---
title: Subtraction
author: nbloomf
date: 2017-04-02
tags: arithmetic-made-difficult, literate-haskell
slug: minus
---

> {-# LANGUAGE NoImplicitPrelude #-}
> module Minus
>   ( minus, _test_minus, main_minus
>   ) where
>
> import Testing
> import Booleans
> import And
> import DisjointUnions
> import NaturalNumbers
> import BailoutRecursion
> import Plus
> import Times

We'd eventually like to solve some equations; for instance, one of the simplest equations we can construct with the tools we have so far is $$\nplus(a,x) = b$$ where $a$ and $b$ are in $\nats$. Putting on our third-grader hat of course the solution to $b = a+x$ is $x = b-a$. So we'll call this solution "b minus a". Our goal in this post is to give a constructive characterization for subtraction.

There's a hitch: whereas sums and products of natural numbers always exist, differences do not; $5 - 2 = 3$ is a natural number, but $5 - 7 = ?$ is not. So the signature of minus cannot be $\nats \times \nats \rightarrow \nats$. What is it then? How should we handle this?

I can think of three options. First, we can just declare that $b-a$ is not defined if the difference is not a natural number. The corresponding algorithm would then just error out. This should be avoided if possible.

The second option is to implement so-called *truncated subtraction*, so that anytime $b-a$ is not a natural number we simply call it 0. This also is not ideal, since now $b-a$ always exists, but the equation $b = a + (b-a)$ is no longer an identity and we cannot tell just from the value of $b-a$ whether it holds or not.

The third option is a blend of the first two.
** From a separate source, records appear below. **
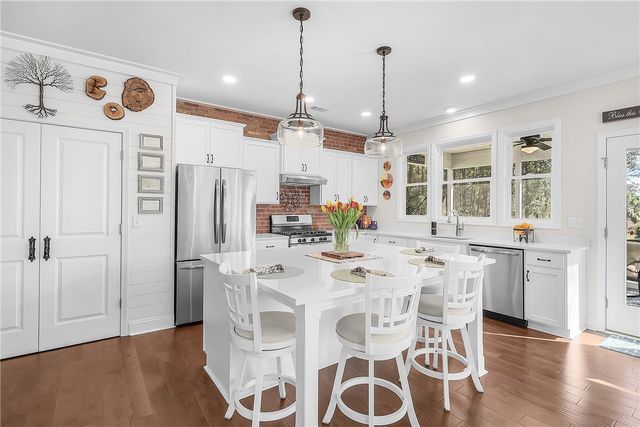 1062 Refuge Court NE, Townsend, GA 31331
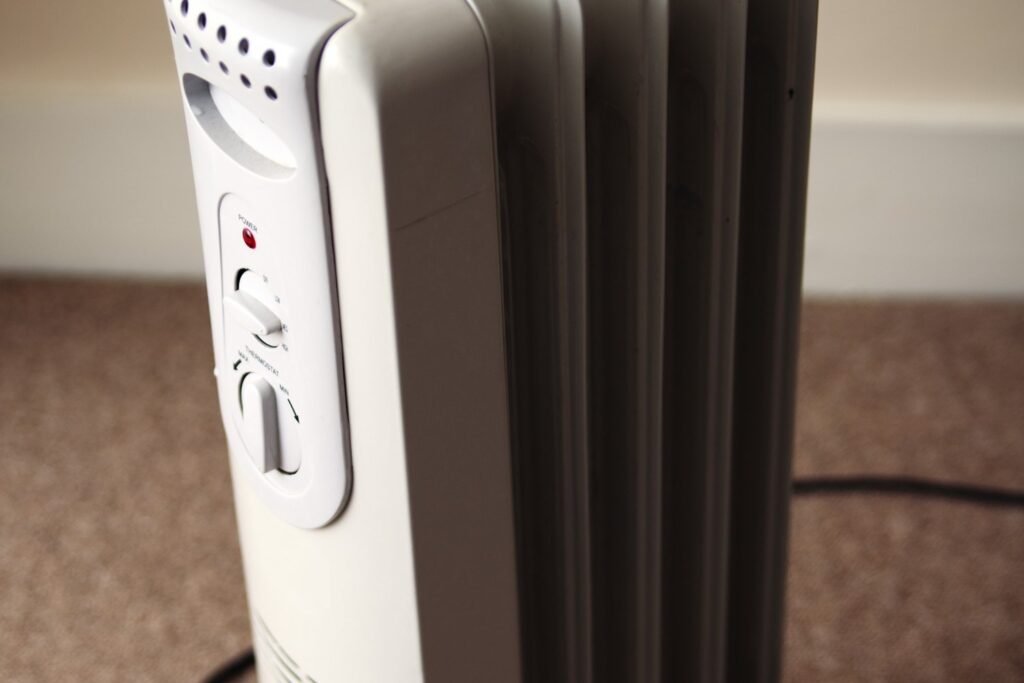Radiateur bain d'huile : thermostat et éléments chauffants en gros plan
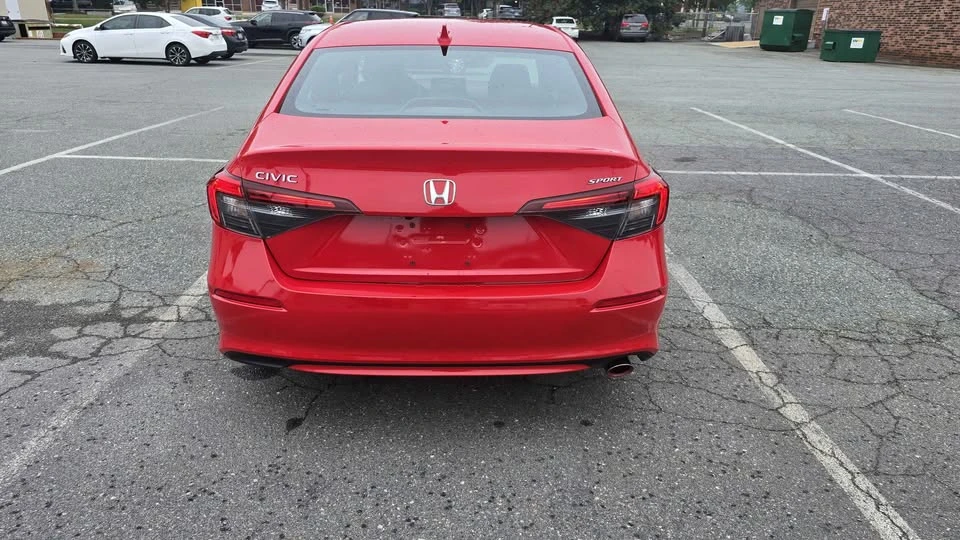 2025 Honda Civic 11th Gen - Image 3 of 14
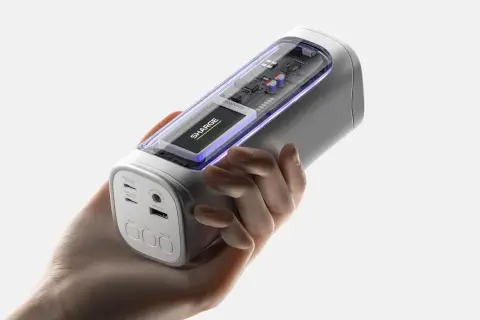 Látványos köntösbe öltöztetett power bank jön 300 W-os teljesítménnyel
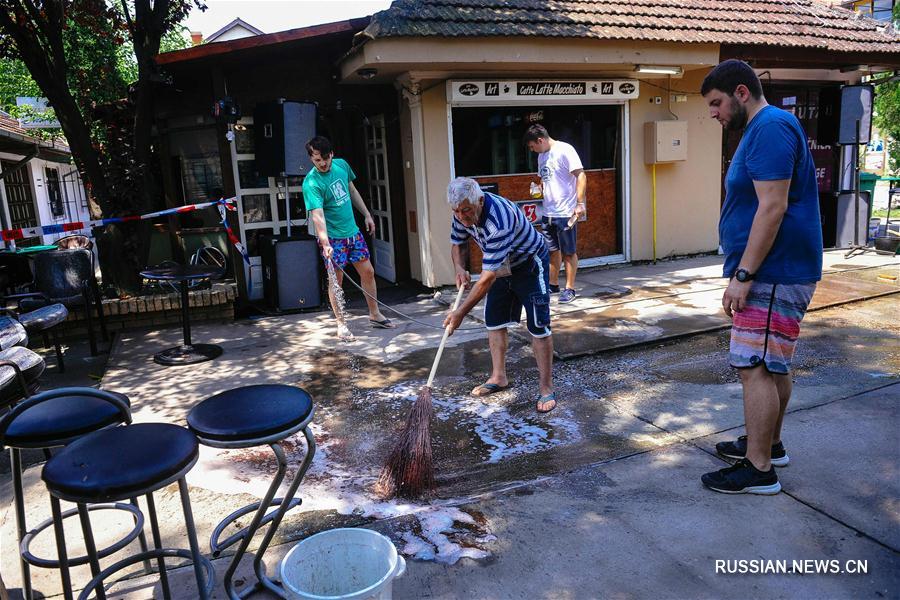 В Сербии мужчина открыл огонь в кафе, пять человек погибли, 20 получили ранения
We can attach an extra element to $\nats$, say $\ast$, and then say $b-a = \ast$ if $b-a$ is not a natural number. This allows us to distinguish when $b-a$ does not exist but keeps the minus function total. So our signature for minus will be $$\nats \times \nats \rightarrow 1 + \nats,$$ where $1 = \{\ast\}$.

:::::: definition ::
Define maps $\varphi : \nats \rightarrow 1 + \nats$ by
$$\varphi(x) = \left\{\begin{array}{ll}
 \rgt(\zero) & \mathrm{if}\ x == \zero \\
 \lft(\ast) & \mathrm{otherwise};
\end{array}\right.$$
$\beta : \nats \times \nats \rightarrow \bool$ by
$$\beta(a,b) = \left\{\begin{array}{ll}
 \btrue & \mathrm{if}\ b = \zero \\
 \bfalse & \mathrm{otherwise};
\end{array}\right.$$
$\psi : \nats \times \nats \rightarrow 1 + \nats$ by $$\psi(a,b) = \rgt(\next(a));$$ and $\omega : \nats \times \nats \rightarrow \nats$ by $$\omega(a,b) = \prev(b).$$

Now define $\nminus : \nats \times \nats \rightarrow 1 + \nats$ by $$\nminus = \bailrec(\varphi)(\beta)(\psi)(\omega).$$

In Haskell:

> minus :: (Natural n) => n -> n -> Union () n
> minus = bailoutRec phi beta psi omega
>   where
>     phi x = if isZero x
>       then rgt zero
>       else lft ()
> 
>     beta _ b = isZero b
> 
>     psi a _ = rgt (next a)
> 
>     omega _ b = prev b

::::::::::::::::::::

Woo! Since $\nminus$ is defined in terms of bailout recursion, it is the unique solution to a system of functional equations.

:::::: corollary :::
[]{#cor-minus-up}[]{#cor-minus-up-zero}[]{#cor-minus-up-next}
$\nminus$ is the unique map $f : \nats \times \nats \rightarrow 1 + \nats$ with the property that for all $a,b \in \nats$, we have
$$\left\{\begin{array}{l}
 f(\zero,b) = \bif{\iszero(b)}{\rgt(\zero)}{\lft(\ast)} \\
 f(\next(a),b) = \bif{\iszero(b)}{\rgt(\next(a))}{\nminus(a,\prev(b))}.
\end{array}\right.$$

::: test :::::::::::

> _test_minus_zero_left :: (Natural n, Equal n)
>   => n -> Test (n -> Bool)
> _test_minus_zero_left _ =
>   testName "minus(0,b) == if(isZero(b),rgt(0),lft(*))" $
>   \b -> if eq (isZero b) true
>     then eq (minus zero b) (rgt zero)
>     else eq (minus zero b) (lft ())
> 
> 
> _test_minus_next_left :: (Natural n, Equal n)
>   => n -> Test (n -> n -> Bool)
> _test_minus_next_left _ =
>   testName
>     "minus(next(a),b) == if(isZero(b),rgt(next(a)),minus(a,prev(b)))" $
>   \a b -> if eq (isZero b) true
>     then eq (minus (next a) b) (rgt (next a))
>     else eq (minus (next a) b) (minus a (prev b))

::::::::::::::::::::
::::::::::::::::::::

Here are some special cases:

:::::: theorem :::::
[]{#thm-minus-nat-zero}[]{#thm-minus-zero-next}
For all $n \in \nats$ we have the following.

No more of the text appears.